Bad Consumer Credit Delays Recovery

Bad consumer credit penalties generated during the Great Recession continue to haunt consumers even now.

Each week, Consolidated Credit searches for financial research that can help you deal with your debt and budget. This week…

The interesting study

The policy researchers at Urban Wire examined a random sample of credit records between 2001 and 2015. Now they’ve issued a report that confirms that “widespread credit blemishes may well be holding back our economic recovery.”

The big result

The study finds 16% of consumers with credit cards received at least one blemish on their credit between 2004 and 2015.

The fascinating details

Bad consumer credit can hold you back

Since negative credit information can remain on a consumer’s credit file for seven years or more, most consumers with blemishes still have low credit scores in 2015.

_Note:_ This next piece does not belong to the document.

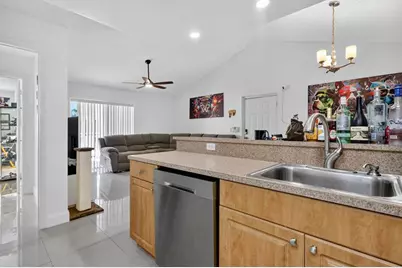 18840 NW 57th Ave, Unit #302, Hialeah, FL 33015 - Photo 17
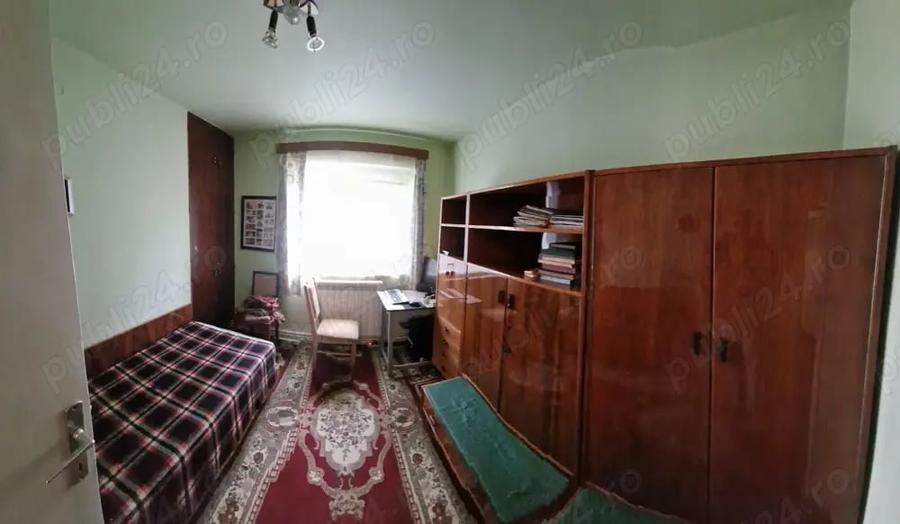 Apartament cu 3 camere semidecomandat în Central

  • Almost 9% of adult consumers (22.8 million people) will still have a foreclosure or adverse public record on their credit file in 2018
  • 9 million consumers who experienced a foreclosure between 2004 and 2015 still had a credit score below 620 in 2015.
  • 1 million consumers who had an adverse public record credit penalty occur between 2004 and 2015 still had a credit score below 620 in 2015.
  • 73% of those with foreclosure or public record penalties are between the ages of 29 and 59

The research also suggests that part of the reason foreclosures continue to haunt consumers is the long foreclosure process. Foreclosures are only reported for seven years from the date of entry – i.e. the date the foreclosure was filed. However, since the foreclosure process may take a few years, the negative item may not always drop off automatically.  This is especially true with today with so many bottlenecks in foreclosure proceedings.

What you can do

“Understanding when negative information in your credit report expires is essential if you want to plan effective financial strategies moving forward,” says April Lewis-Parks, Financial Education Director for Consolidated Credit. “Since penalties aren’t always removed automatically on time, it’s up to you to make sure your credit file is correct.”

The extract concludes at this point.